Haben Sie einen Lieblingsplatz?
Mein Ball Chair von Eero Aarnio! Ein Erbstück. Meine Eltern hatten sechs Stück und jede meiner fünf Schwestern hat auch einen bekommen. Wenn ich in dem Stuhl sitze, weiß meine Tochter, dass ich erschöpft bin, und lässt mich in Ruhe.
Ein verrückter Kauf, den Sie bis heute nicht bereuen?

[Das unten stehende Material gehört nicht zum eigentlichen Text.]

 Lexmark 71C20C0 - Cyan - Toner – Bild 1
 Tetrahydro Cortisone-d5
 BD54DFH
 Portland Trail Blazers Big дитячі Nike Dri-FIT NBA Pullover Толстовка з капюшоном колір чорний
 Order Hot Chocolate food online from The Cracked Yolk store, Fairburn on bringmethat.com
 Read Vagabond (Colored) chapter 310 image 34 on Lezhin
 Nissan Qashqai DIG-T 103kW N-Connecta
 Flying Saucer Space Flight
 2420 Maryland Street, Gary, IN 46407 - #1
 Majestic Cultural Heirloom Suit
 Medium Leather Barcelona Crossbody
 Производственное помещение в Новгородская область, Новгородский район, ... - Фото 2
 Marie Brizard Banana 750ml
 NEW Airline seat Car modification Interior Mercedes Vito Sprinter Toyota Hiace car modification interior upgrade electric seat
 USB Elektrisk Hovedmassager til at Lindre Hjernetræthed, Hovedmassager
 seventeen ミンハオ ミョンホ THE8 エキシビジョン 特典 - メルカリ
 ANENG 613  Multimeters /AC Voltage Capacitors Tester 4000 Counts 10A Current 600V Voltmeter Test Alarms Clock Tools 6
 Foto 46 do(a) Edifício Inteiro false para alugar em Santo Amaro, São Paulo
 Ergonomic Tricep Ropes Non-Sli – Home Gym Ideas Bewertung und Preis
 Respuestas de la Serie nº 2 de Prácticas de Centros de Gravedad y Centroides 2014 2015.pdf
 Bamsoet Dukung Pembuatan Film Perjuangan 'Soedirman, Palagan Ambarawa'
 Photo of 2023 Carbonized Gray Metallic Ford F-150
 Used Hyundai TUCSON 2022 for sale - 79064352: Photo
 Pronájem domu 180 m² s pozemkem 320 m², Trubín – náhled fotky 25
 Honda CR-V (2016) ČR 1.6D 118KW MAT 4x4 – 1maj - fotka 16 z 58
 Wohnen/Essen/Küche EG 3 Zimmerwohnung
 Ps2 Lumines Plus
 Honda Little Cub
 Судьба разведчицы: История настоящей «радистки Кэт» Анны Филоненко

Ein grauer Flokatiteppich aus Polyester. Sieht aus wie Seide, ist irre gemütlich und lässt sich in der Waschmaschine reinigen. So praktisch, dass ich ihn gerade noch mal in Türkis gekauft habe. Meine Katze schläft, gebettet auf einer orangefarbenen Hermès-Tüte, darauf. Sehr dekorativ.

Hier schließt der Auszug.